Norway is among the world’s richest countries because of its oil and gas exports, yet even there electric car incentives are being curbed because of the strain on public finances and a faster-than-expected adoption of battery-powered cars.

For example, it has just scrapped nationwide directives that parking, transport by state-owned ferries and road tolls should be free for electric vehicles, instead leaving it to local authorities’ discretion. It is also reviewing tax breaks for the most expensive luxury electric cars.

So far the reversals have had no apparent impact on sales.

“I’m not too worried,” said Christina Bu, the head of the Norwegian Electric Vehicle Association, because other benefits such as an exemption from value-added tax are staying in place.

Sales of Nissan Leafs in the US state of Georgia, for instance, plunged after authorities revoked a $5,000 tax break in 2015.

Electric car imports to Denmark fell sharply last year, bucking a European trend after Copenhagen cut subsidies.
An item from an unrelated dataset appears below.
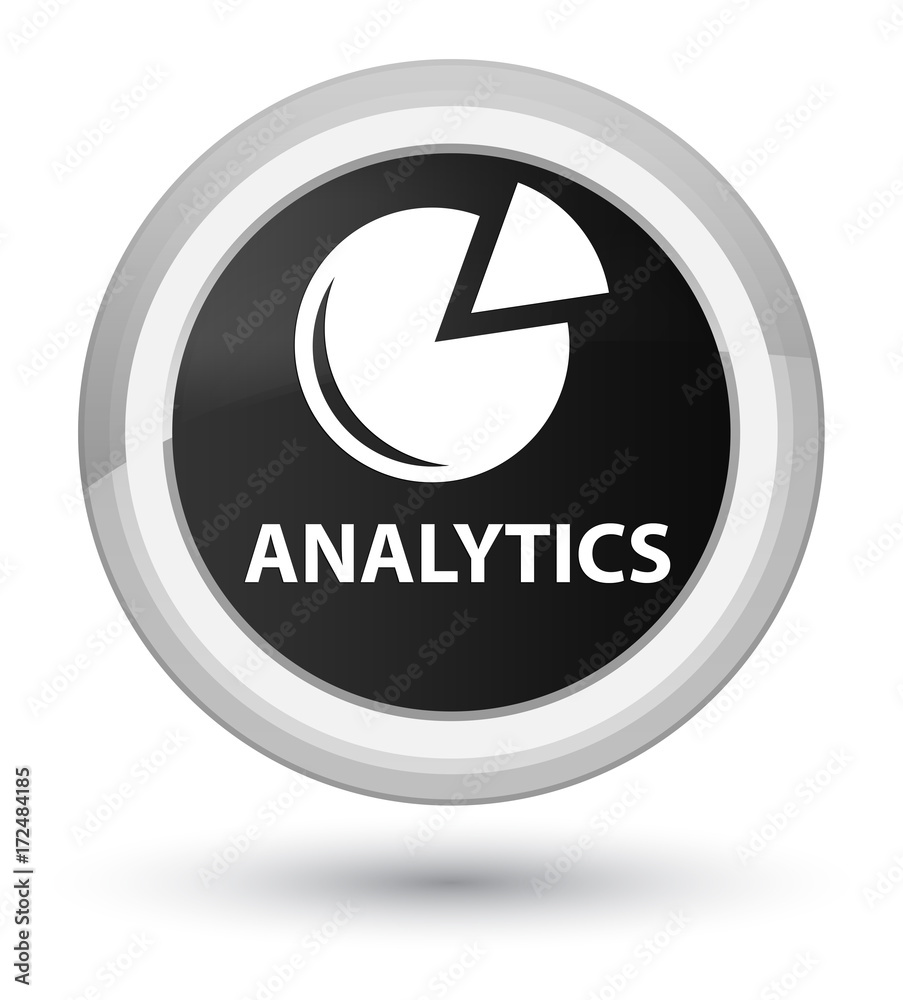 Analytics (graph icon) prime black round button Analytics (graph icon) prime black round button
Sales of Teslas fell to 176 from 2,738 the year before.

The Norwegian finance ministry says basic tax breaks totalled about a cumulative 12 billion crowns by the end of 2016. There are now about 140,000 fully electric cars on the road.

Britain and France, the only two countries to announce deadlines for phasing out combustion engines, also offer generous subsidies to electric car buyers.

Buyers in Britain get a grant of up to 35 per cent of the purchase price, while in France someone selling a diesel car and buying electric receives thousands of euros in benefits.

Norway’s Environment Minister Vidar Helgesen, part of a minority right-wing government that won re-election on September 11, acknowledged that the country’s subsidies model was expensive.

But he predicted advances in the technology would mean electric cars would be competitive in price with combustion engine cars in the early 2020s.